Schwacher Trost: Ich befinde mich direkt unter der mehr als 2.000 Meter hohen Südwand des Matterhorn - landschaftlich mehr als beeindruckend!


Es folgt eine weitere Schiebepassage und keine Aussicht auf Besserung. Es ist so steil, dass ich auch bei allerkleinster Negativübersetzung gar nicht wieder in den Sattel komme. Selbst die mir entgegenkommenden vollgefederten und rundumverpackten Downhill-Freaks fahren hier nur mit angezogenen Bremsen hinunter...


Die selbe Rampe von oben betrachtet - freier Fall... Um die Größenverhältnisse zu verdeutlichen: Unten der rote Fleck links der Bildmitte ist ein Allterrain-Pistenquad mit vier Reifen.


Plan Maison ist bald erreicht, aber die Hälfte der Strecke musste ich Schieben. Zwar ist die Entscheidung längst gefallen, diesen Weg nicht als fahrbar einzustufen, dennoch reizt es mich, wenigstens mal einen Blick Richtung Bontadini-Lift werfen zu können.
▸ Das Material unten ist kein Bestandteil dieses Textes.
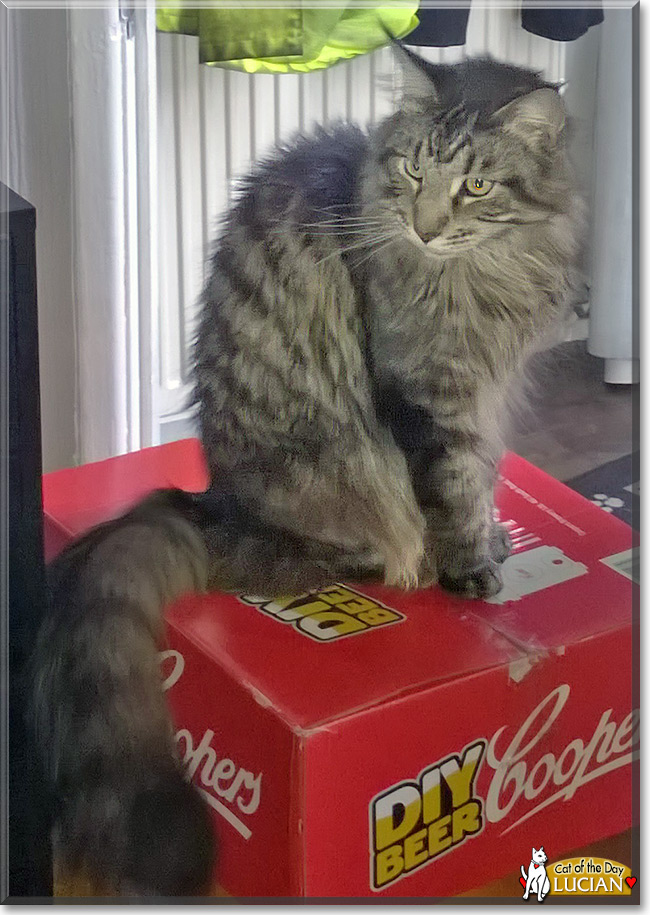 Lucian the Maine Coon Cat, the Cat of the Day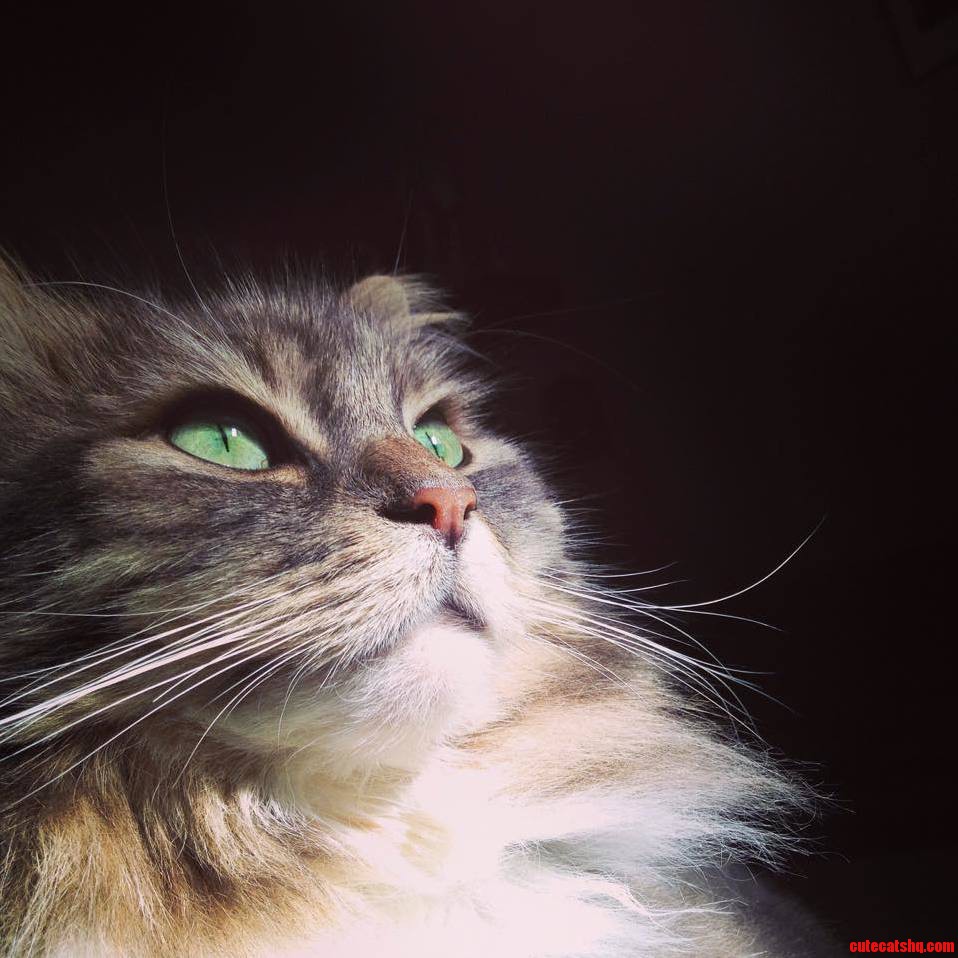 General Catton Takes a Moment to Reflect.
Ganz oben in der Bildmitte sind die Bergstation Bontadini-Lift und auch die Theodulhütte in 3.300m Höhe erkennbar.


Das Bild lässt ansatzweise erahnen, wie windig und kalt es hier oben ist.


Ganz will ich noch nicht aufgeben und fahre weiter unter den Skiliften hoch. Nach nur 800m Distanz habe ich weitere 100 Höhenmeter fahrend überwunden - stolzer Prozentwert. Das Tückische an der Gesamtprozentsteigung seit Breuil Cervinia von etwa 12% ist, dass diese nicht gleichmäßig ist, sondern "Flachpassagen" (das meint 7-8%) sich mit Rampen von 20% und mehr abwechseln...


Auch wenn der Weg auf dem Bild gar nicht so schwierig aussieht: Auf etwas mehr als 2.600m Höhe habe ich die Schnauze voll. Windböen drücken mich aus dem Sattel und die nächste Schiebepassage steht hier an. Mein Ehrgeiz weiter nach oben zu kommen, tendiert gen Null - man kann ja ohnehin nicht fahren.


Aus der Übersicht der höchsten mit einem Fahrrad befahrbaren Bergstraßen Europas wird der Bontadini-Lift damit wieder gestrichen. Aber wer nie verliert, hat seine Ziele nur nicht hoch genug gesetzt. Dafür gibt es einen super Blick auf das Matterhorn!